Había hablado más de lo que me proponía. Mi padre se apoyó en un hombro y permaneció recostado como si le hubiera acercado una fuente de ostras pero no el cubierto para extraerlas.
—En cualquier caso, sigue contigo… Así pues, ¿cuándo es la boda?
—Cuando sea rico.
Mi padre emitió un silbido ofensivo.
—¡Entonces, sé de alguien que deberá tener mucha paciencia!
—Eso es cosa nuestra.
—No, si me haces abuelo antes de cumplir con las formalidades.
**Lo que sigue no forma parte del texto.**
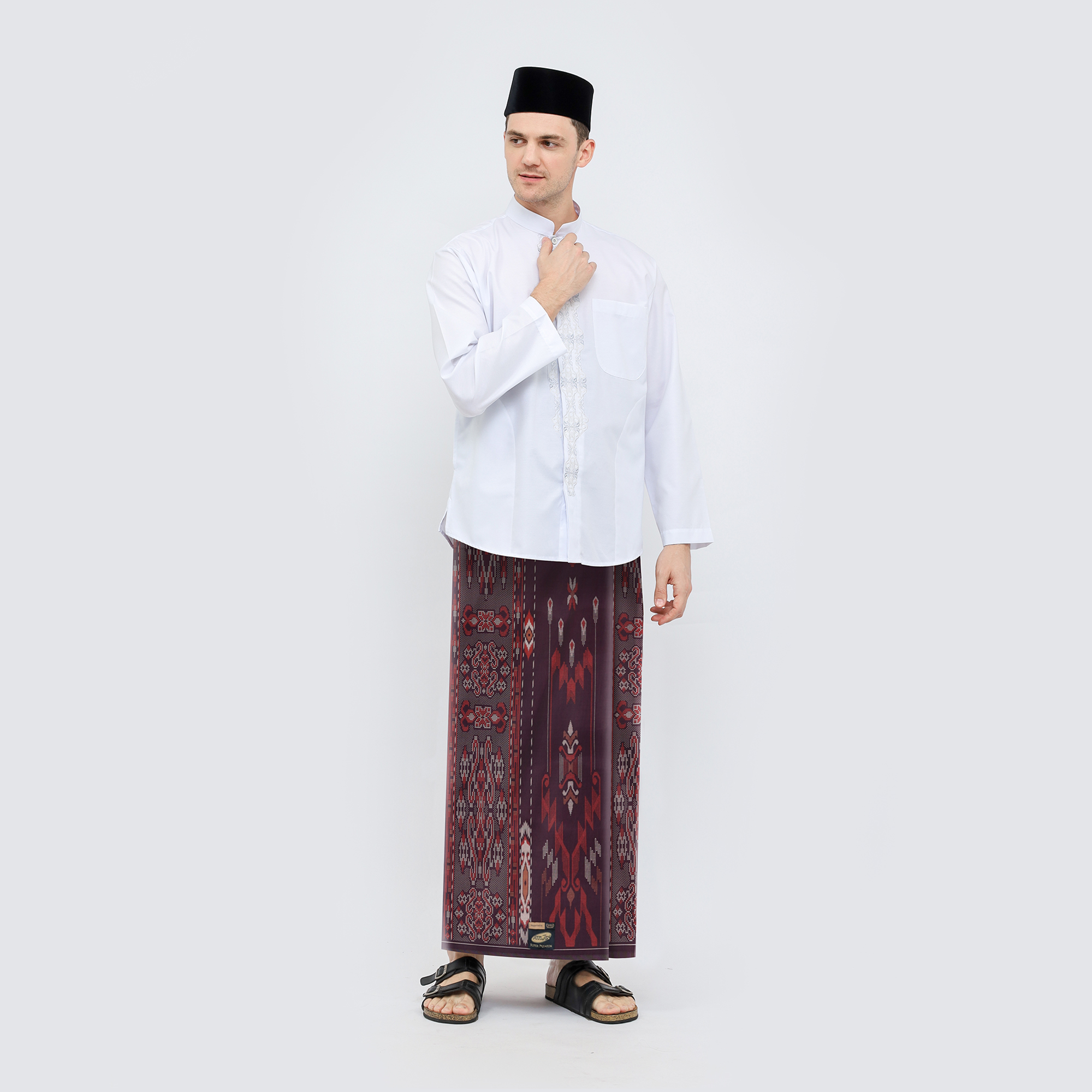Sarung ATLAS Super Premium 920 Motif KJB Merah Hati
Aquél era un punto sensible y supuse que Gémino lo sabía. Probablemente, le había llegado por conductos familiares que Helena había tenido un aborto, lo cual consiguió inquietarnos más de lo que ninguno de los dos esperaba y nos había llenado de dudas —nunca expresadas— sobre nuestra capacidad para engendrar un hijo saludable. Ahora, Helena estaba aterrorizada y yo intentaba retrasar el asunto por la razón más poderosa del mundo: la pobreza. Lo último que deseaba era que mi jodido padre se mostrara interesado. Sabía muy bien el motivo de la curiosidad del viejo esnob: deseaba que tuviéramos familia para poder vanagloriarse de estar emparentado con un senador.
—Ya eres abuelo —le respondí, colérico—. Si quieres derrochar atenciones donde son necesarias, prueba con los huérfanos de Victorina.
—¿Y bien? ¿Qué hace Mico?
—Lo de costumbre: poca cosa. —Mi padre escuchó aquello sin la menor reacción, aunque era posible que aceptara ayudar—. ¿Acudiste al funeral? —inquirí, con más interés del que deseaba aparentar.
—No. Mi asistencia fue considerada innecesaria.
Su voz era serena; su expresión, despreocupada. No pude determinar si estaba molesto. Tampoco estuve seguro de que me importara.
—Victorina era hija tuya —le dije en tono solemne—. Deberían habértelo permitido.
—No dejes que eso te rompa el corazón.
—Si yo hubiera estado aquí, te lo habría hecho saber. —No era propio de mí dármelas de moralista, pero su aire de resignación me irritó—. ¡No puedes echarle la culpa a nadie; como paterfamilias, no eres precisamente considerado!
—¡No empieces!
—No te preocupes, ya me voy —dije al tiempo que me ponía de pie.
—Aún no has mencionado lo que has venido a preguntar.
—Helena ha estado aquí; ella hace las preguntas por mí.
—Yo no hablo con mujeres.
—Quizá deberías probarlo, por una vez. —Quizá debería haberlo intentado cuando vivía con mi madre.
Había sido absurdo acudir allí. No podía afrontar la idea de una discusión con Gémino acerca de Festo. Estaba decidido a marcharme. Mi padre, buscando algo en lo que poner de manifiesto su terquedad, se mostró furioso.
—¡Muy bien! Ya te hemos entretenido con una buena trifulca; ahora, vuelve corriendo con tu madre y cuéntale que te has ensuciado la túnica jugando con unos chicos brutos en el Campo.
Ya estaba envolviéndome en la capa, cuando me detuve en seco. Esto no me ayudaba a resolver el asunto de Censorino. Además, efectivamente necesitaba una historia que contarle a mi madre, y la necesitaba bastante pronto, ya que ella era famosa por su impaciencia con los holgazanes.
—Hay una cosa que sí quiero —le concedí.
Gémino bajó las piernas del diván para poder sentarse erguido y observarme mejor.
—¡Es toda una novedad!
—Te equivocas. Sencillamente, estoy buscando gangas. ¿Tienes alguna cama barata pero decente en tu almacén de la Saepta?
Puso una cara de apenada decepción, pero se puso de pie para conducirme hasta allí.